「これ……夢じゃないよね……」

私はあのあと修哉の運転する数千万はくだらないであろう真新しいベンツで自宅マンションに送ってもらったのだが、修哉は家に上がり込もうとすることもなく、LINE交換だけ済ませるとすぐに帰っていった。

私は現実味がないまま、シャワーをあびて着替えると、冷蔵庫から麦茶を注ぎ入れる。そしてテーブルに座ったと同時にスマホが震える。

──『体調は大丈夫?』

私はスマホに浮かんだ『四葉修哉』の四文字を確認してからすぐに『大丈夫です、送って頂きありがとうございました』と送信する。

──『だから敬語なしで、俺も使わないから』

(あ……普段は俺なんだ。えっと……)

修哉の一人称が僕ではなく俺だった、たったそれだけのことなのに私の心臓がとくんと跳ねる。雲の上の存在だと思っていたクローバーデザインの副社長である修哉と仮とはいえ婚約者になったことにじわじわと現実味が増してくる。

「信じられない……だって昨日博樹に振られて未希に馬鹿にされてどん底だったのに……」

私はテーブルの端に見えた、化粧用の小型の鏡をのぞき込んだ。そこには見慣れた自分の顔が写っていて困ったような顔をしている。

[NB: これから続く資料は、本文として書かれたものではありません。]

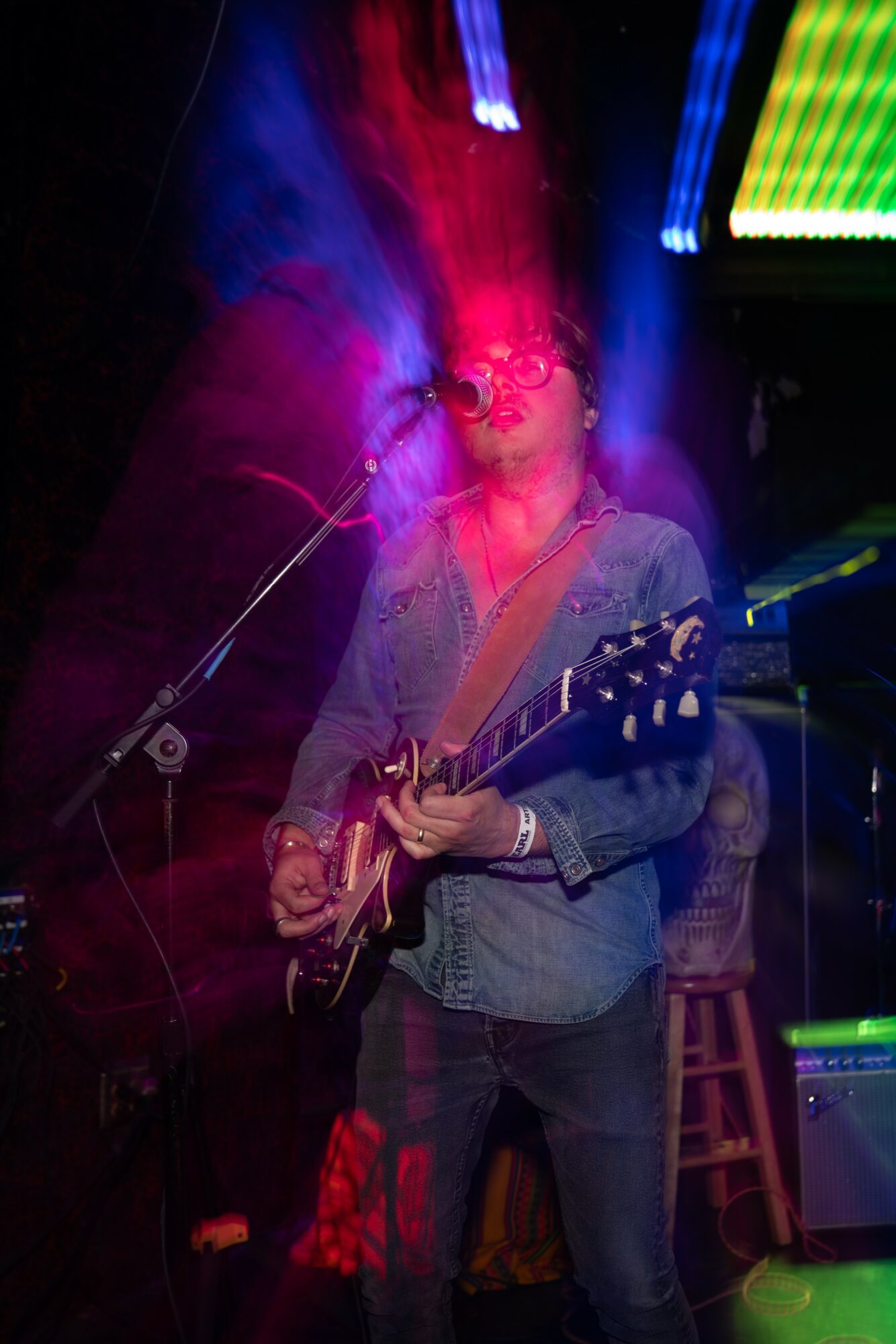 Person playing guitar on stage with colorful lights and smoke, wearing glasses and a denim jacket.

「うーん。自分で言うのもなんだけど……別に美人でもないし……身寄りもないし、このマンションだって賃貸だし」

その時またブルッとスマホが震える。

──『恋、早速だけど明日仕事終わりに夕飯食べに行かないか?』

「えっ……!」

──『これから恋の婚約者としてもっと恋のことが知りたい』

ストレートな修哉の言葉に気恥ずかしさを覚えながらも嫌じゃない。むしろ、昨日博樹と別れたばっかりなのに修哉のことをもっと知りたいと思う自分に驚いている。

「私が修哉のこ、婚約者……だなんて」

私は少し悩んでから『明日の食事楽しみにしてます』と送ると、紅潮した頬を両手で覆った。